Во второй половине 50-х годов, годов памятной «оттепели», когда я завершал работу над «Сержантом милиции», мне дважды пришлось быть свидетелем публичного триумфа Владимира Дудинцева.
Первый раз, когда его венчали лавровым венком правдоборца в дубовом зале в Центральном доме литераторов. Порядок на улице Воровского в тот день охраняла конная милиция. Второй раз — на обсуждении повести «Не хлебом единым» в актовом зале Московского университета, где пословица «Яблоку негде упасть» слабовато выражала заполненность этого просторного актового зала. Выступали профессора, доценты, аспиранты, литературные критики, студенты. Обсуждение длилось более двух часов. Лишь немногим из желающих выступить удалось подняться на трибуну.

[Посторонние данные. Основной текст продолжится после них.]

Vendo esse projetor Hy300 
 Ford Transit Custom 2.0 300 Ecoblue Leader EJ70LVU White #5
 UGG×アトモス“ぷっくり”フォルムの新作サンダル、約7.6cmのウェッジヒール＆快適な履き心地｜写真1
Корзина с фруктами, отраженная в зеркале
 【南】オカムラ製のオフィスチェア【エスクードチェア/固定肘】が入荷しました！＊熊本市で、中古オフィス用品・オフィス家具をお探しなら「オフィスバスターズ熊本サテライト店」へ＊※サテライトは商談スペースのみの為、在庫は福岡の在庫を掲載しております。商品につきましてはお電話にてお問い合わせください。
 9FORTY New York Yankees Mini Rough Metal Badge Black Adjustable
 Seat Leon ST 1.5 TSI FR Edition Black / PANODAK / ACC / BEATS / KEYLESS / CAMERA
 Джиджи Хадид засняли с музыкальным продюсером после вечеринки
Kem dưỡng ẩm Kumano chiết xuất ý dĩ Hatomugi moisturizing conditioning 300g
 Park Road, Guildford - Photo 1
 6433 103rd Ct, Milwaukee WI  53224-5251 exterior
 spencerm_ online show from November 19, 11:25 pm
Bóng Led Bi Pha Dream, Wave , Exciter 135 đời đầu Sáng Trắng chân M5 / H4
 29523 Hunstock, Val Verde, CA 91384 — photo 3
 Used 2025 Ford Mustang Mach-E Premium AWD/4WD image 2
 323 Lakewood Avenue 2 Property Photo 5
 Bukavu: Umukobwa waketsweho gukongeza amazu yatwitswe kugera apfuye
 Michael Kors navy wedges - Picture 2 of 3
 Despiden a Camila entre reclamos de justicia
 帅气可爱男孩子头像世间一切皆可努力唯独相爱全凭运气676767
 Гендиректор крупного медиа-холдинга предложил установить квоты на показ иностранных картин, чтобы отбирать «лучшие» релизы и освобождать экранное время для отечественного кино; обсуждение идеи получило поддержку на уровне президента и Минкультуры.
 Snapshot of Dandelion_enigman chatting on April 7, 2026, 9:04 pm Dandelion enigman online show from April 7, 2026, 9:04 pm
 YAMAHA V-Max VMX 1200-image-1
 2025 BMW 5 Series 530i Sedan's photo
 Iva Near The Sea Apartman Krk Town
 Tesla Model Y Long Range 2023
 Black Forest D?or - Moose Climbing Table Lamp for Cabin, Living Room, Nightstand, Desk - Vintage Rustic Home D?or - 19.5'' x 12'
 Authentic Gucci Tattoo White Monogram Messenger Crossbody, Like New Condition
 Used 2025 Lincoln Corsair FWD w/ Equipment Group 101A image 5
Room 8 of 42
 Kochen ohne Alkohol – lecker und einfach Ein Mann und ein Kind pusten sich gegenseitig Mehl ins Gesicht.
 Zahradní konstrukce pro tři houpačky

Никогда не забуду, как один студент, когда «подводили черту» обсуждению, из глубины зала с мольбой, охрипшим голосом кричал: «Товарищи! Дайте мне всего десять секунд! Я скажу всего десять слов». Студенту дали просимые десять секунд. На трибуну студент не стал продираться. Дождавшись тишины, он набрал в легкие воздуха и выпалил на одном дыхании: «Повесть Владимира Дудинцева «Не хлебом единым» — это булыжник Ивана Шадра, брошенный в окно Центрального Комитета партии! Желаю вам здоровья, Владимир Дмитриевич!» По актовому залу пронесся гул одобрения. Но на аплодисменты публика, зачумленная годами сталинской тирании, не решилась.
Ну а потом? Потом те, кому сегодня за сорок, думаю, должны помнить, как из бойницы самой высокой крепости нашей власти, даже, может быть, из того самого кабинета, в окно которого, по выражению смельчака-студента, попал «булыжник Ивана Шадра», вылетел грозный по своей убойной силе документ. Позже мы узнали, что этой бойницей был кабинет секретаря ЦК партии по пропаганде.
Публичная казнь повести Владимира Дудинцева, как и творчества Анны Ахматовой и Михаила Зощенко, состоялась на самом высоком «лобном месте» — в газете «Правда».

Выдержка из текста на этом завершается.